Amazonでのレビューがあまり良くなく翻訳が微妙と指摘されていたが、冗長な表現だと感じるところもあったが、そこまでは気にならなかった。
Spotifyが創業期からどのように成長して上場していったのかを知りたい人にはオススメ。
気になった箇所のメモ
はじめに
- Spotifyがここまで大きくなった最大の要因
- まだ他の誰もしていない無料サービスに賭けたこと。
- スウェーデンで起業して、僕たちのモデルをヨーロッパでまず展開して、その後段階を踏んで海外組織に成長させていったこと。おかげでこのモデルには将来性があると最終的に音楽業界に認めさせることができた。
- 2008年にリリース。
第1章 秘密のアイデア
- spotifyの名前は勘違いから生まれた。
- spot, identitifyの組み合わせの造語だと説明している
- BitTorentなどのP2Pモデルに興味を持っていた
- exitした資金のある起業家と創業
- コンサルタントとして、スウェーデンで技術力が一番になるぐらい会社を育てあげ、そこのエンジニアをCTOとして引き抜いた
第2章 リーダル通りのエンジニアが実現したとてつもない技術
- 無料でP2Pで配信するのはレコード会社にとっては無謀だったが、以下のような強みを持っていた
- exitした経験と資産
- プロダクトへの明確なビジョン
- 他のエンジニアを引きつけるCTOの魅力
- マイクロトレントを開発した天才エンジニアを採用
第6章 富裕層マネーが流れ込む
第7章 すべての音楽を無料で ── 爆発する人気とボブ・ディランのボイコット
- 70%支払いで、最低保障付きでスタート
- 1年目は赤字に
- 何年も振り込まれず、ボブディランたちがspotifyから脱退
- イギリスには2ヶ月後に参入
- 2週間で100万ユーザ獲得
- 毎日1万人増えるペース
第8章 フェイスブック経由でアメリカ進出
第9章 スティーブ・ジョブズ、いよいよ立ちはだかる
- アメリカの大手レーベルと交渉を進める
- 特にソニーには2.5%の株式を格安で購入するオプションを与えるなど、レーベルに有利な内容となった
- 2012年の夏にようやくアメリカ進出
- すでにストリーミングサービスはあったが、どれも有料会員限定のものだった
- 最初は無料会員は招待が必要だったので、話題になった
第10章 ザッカーバーグとの駆け引きと、密かに生まれた最大のライバル
第11章 規模を追い求めて ── ダニエルの本音と結婚
- appleにも対抗したり、レーベルにも大きな態度を取れるように、ユーザ獲得に集中した
- CEOはハードワークを求めるタイプ
- facebook経由で登録したユーザは、LTVが低かった
- アフィリエイトも試したが、赤字になった
- 新しい国でも展開し、facebookの利用率の低いドイツではメールアドレスで登録できるように
- 後ほど、世界でもfacebookアカウントなしで登録できるようにした
第12章 幻のプロジェクト「スポティファイTV」
- 数十人のリソースをかけて、動画部門を立ち上げハードウェアまで作ったが、音楽事業よりもお金がかかりそうだと気づき、断念した。

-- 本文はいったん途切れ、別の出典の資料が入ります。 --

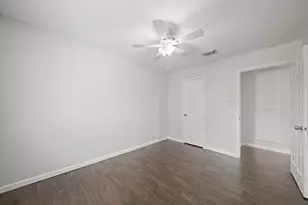 10914 Sagepark Ln, Houston, TX 77089 - Photo 19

第13章 アップルとビーツ、ライバル2社が手を組んだ
- アメリカではなんの操作もせずに好きな曲が流れてくることが重要なため、ラジオやレコメンドの開発が急務となった。
- 46億ドルでアメリカのスタートアップを買収して、類似の曲を提供しようとしたが、既存の仕組みとも合わず大失敗に終わった。
- ビーツはストリーミングサービスをリリースしたが、トラブルだらけで技術的にも優れてなかった。永遠に無料のプランはない。
- Appleは過去最高額でビーツを買収。ストリーミングやヘッドホンが目的ではなく、ジミーアイオヴィンが持つ音楽業界での知名度を得ること。
第14章 スポティファイ史上最大の危機
- PCでのユーザ体験は良かったが、モバイル対応が不十分だったため、アクティブユーザ数が減少した
- モバイル対応をして克服
第15章 テイラー・スウィフトがボイコットし、ジェイ・Zが競合を立ち上げる
- 2014年、テイラー・スウィフトがspotifyがアーティストに十分に支払ってないとして、楽曲を取り下げた
- しかし、有料会員数への影響は限定的だった
- さらに、ジェイ・Zがスウェーデンの他のストリーミングサービスの会社を買収し、高音質かつ有料専用のサービスを立ち上げた。多くのアーティストが参画しており、音楽業界の構図が変わってしまうとspotifyにとって脅威となりうる存在。
第16章 ビッグデータでアップルミュージックに対抗せよ
- Apple Musicがリリース
- 最初の3ヶ月は無料利用できるが、その間にはアーティストには支払われないものだったが、リリース前にアーティストが反発して、支払うようになった
- リリース後も動作が遅く、半年間は不評だった
- Apple Musicのリリースに対抗するために差別化できる機能が急務となり2つの機能をリリースした
- 1つ目はmomentsで、そのときの気分に合わせて選曲するというもの
- 2つ目はweekly discoverなどの機能
- ユーザが作成したプレイリストからレコメンドを生成する
- CEOも注目していなかったが、spotify史上でも大きな成功となった
第17章 スウェーデンが生んだ「成功物語」として
- 無料会員の中でspotifyに時間を多く費やす客を識別し、彼らに割引キャンペーン(3か月は月額1ドルでプレミアム)を展開。
- また、急激に成長するために、数百万人のユーザ価格を下げ、有料会員数を増加させた。
- 2015年末には、有料会員の割合は、前年度の1/4から約1/3と成長した。
第18章 ストリーミング戦争をいかに生き延びるか
- アーティストから嫌われる存在で、新曲等はspotifyで提供されないことも多かった。
- アーティストに好感を得ようとジェイ・Zのダイダルを買収しようと打診したが、高すぎて白紙に
- サウンドクラウドの買収も試みたが、アーティストとのライセンスなどの契約内容が想像以上に悪く、成立直前で白紙に
- Appleからはアプリの審査のリジェクトを何度も受けたりして、妨害を受けていた
- Apple経由で契約した場合30%ほど値上げした料金体系を展開していたため、そのユーザに対して、直接契約するだけで割引になるとキャンペーンのメールを送った
第19章 いざウォールストリート ── 特殊な方法でIPOを果たす
- 上場前にテンセントと事業提携し、株式も互いに交換した
- テンセントも音楽事業で数億のユーザを抱えていたが、ほとんどが無料会員だった
- 2018年にニューヨーク証券取引所で上場
第20章 次なるステップへ
- レーベルから影響を受けにくくするために、アーティスト育成にも手を出し始めた
- 音楽のみならず、音に関する事業を制覇するために、podcastの会社や制作会社を買収した。